---------- Supplied records

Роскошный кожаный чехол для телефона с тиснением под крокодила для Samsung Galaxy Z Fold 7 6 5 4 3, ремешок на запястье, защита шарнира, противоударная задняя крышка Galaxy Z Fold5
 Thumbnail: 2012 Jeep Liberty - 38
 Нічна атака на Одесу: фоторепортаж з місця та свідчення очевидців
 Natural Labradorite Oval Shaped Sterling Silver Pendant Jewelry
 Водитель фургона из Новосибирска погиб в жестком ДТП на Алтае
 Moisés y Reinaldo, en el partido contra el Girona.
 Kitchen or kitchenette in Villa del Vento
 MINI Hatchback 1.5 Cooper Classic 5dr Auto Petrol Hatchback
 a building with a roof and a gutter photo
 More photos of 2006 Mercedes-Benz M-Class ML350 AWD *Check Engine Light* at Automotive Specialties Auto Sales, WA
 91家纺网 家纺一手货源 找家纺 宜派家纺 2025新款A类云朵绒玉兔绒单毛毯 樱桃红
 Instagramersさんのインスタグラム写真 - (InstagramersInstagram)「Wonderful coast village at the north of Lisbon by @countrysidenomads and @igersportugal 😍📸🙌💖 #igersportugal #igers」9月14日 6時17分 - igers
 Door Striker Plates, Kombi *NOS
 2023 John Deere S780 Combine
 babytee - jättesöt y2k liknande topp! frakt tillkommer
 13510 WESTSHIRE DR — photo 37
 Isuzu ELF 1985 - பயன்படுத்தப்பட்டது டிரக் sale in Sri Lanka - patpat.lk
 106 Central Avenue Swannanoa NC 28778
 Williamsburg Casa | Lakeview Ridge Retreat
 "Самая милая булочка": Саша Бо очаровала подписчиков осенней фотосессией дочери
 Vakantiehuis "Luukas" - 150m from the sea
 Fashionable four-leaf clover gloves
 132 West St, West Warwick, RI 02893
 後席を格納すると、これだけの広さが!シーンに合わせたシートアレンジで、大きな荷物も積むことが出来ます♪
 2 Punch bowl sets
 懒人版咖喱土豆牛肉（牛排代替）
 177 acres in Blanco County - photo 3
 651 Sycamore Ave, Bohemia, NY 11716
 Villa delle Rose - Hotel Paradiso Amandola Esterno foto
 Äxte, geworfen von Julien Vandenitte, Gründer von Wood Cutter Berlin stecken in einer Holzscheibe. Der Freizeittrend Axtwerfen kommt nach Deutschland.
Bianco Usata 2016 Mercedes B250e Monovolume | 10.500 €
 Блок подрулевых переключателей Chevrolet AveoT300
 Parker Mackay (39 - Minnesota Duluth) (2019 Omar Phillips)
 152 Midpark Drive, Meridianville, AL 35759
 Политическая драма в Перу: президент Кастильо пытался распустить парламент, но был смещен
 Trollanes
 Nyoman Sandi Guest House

--------------------

**Description of the task**
Return every record exactly as it was given.

**Written solution**
Роскошный кожаный чехол для телефона с тиснением под крокодила для Samsung Galaxy Z Fold 7 6 5 4 3, ремешок на запястье, защита шарнира, противоударная задняя крышка Galaxy Z Fold5
 Thumbnail: 2012 Jeep Liberty - 38
 Нічна атака на Одесу: фоторепортаж з місця та свідчення очевидців
 Natural Labradorite Oval Shaped Sterling Silver Pendant Jewelry
 Водитель фургона из Новосибирска погиб в жестком ДТП на Алтае
 Moisés y Reinaldo, en el partido contra el Girona.
 Kitchen or kitchenette in Villa del Vento
 MINI Hatchback 1.5 Cooper Classic 5dr Auto Petrol Hatchback
 a building with a roof and a gutter photo
 More photos of 2006 Mercedes-Benz M-Class ML350 AWD *Check Engine Light* at Automotive Specialties Auto Sales, WA
 91家纺网 家纺一手货源 找家纺 宜派家纺 2025新款A类云朵绒玉兔绒单毛毯 樱桃红
 Instagramersさんのインスタグラム写真 - (InstagramersInstagram)「Wonderful coast village at the north of Lisbon by @countrysidenomads and @igersportugal 😍📸🙌💖 #igersportugal #igers」9月14日 6時17分 - igers
 Door Striker Plates, Kombi *NOS
 2023 John Deere S780 Combine
 babytee - jättesöt y2k liknande topp! frakt tillkommer
 13510 WESTSHIRE DR — photo 37
 Isuzu ELF 1985 - பயன்படுத்தப்பட்டது டிரக் sale in Sri Lanka - patpat.lk
 106 Central Avenue Swannanoa NC 28778
 Williamsburg Casa | Lakeview Ridge Retreat
 "Самая милая булочка": Саша Бо очаровала подписчиков осенней фотосессией дочери
 Vakantiehuis "Luukas" - 150m from the sea
 Fashionable four-leaf clover gloves
 132 West St, West Warwick, RI 02893
 後席を格納すると、これだけの広さが!シーンに合わせたシートアレンジで、大きな荷物も積むことが出来ます♪
 2 Punch bowl sets
 懒人版咖喱土豆牛肉（牛排代替）
 177 acres in Blanco County - photo 3
 651 Sycamore Ave, Bohemia, NY 11716
 Villa delle Rose - Hotel Paradiso Amandola Esterno foto
 Äxte, geworfen von Julien Vandenitte, Gründer von Wood Cutter Berlin stecken in einer Holzscheibe. Der Freizeittrend Axtwerfen kommt nach Deutschland.
Bianco Usata 2016 Mercedes B250e Monovolume | 10.500 €
 Блок подрулевых переключателей Chevrolet AveoT300
 Parker Mackay (39 - Minnesota Duluth) (2019 Omar Phillips)
 152 Midpark Drive, Meridianville, AL 35759
 Политическая драма в Перу: президент Кастильо пытался распустить парламент, но был смещен
 Trollanes
 Nyoman Sandi Guest House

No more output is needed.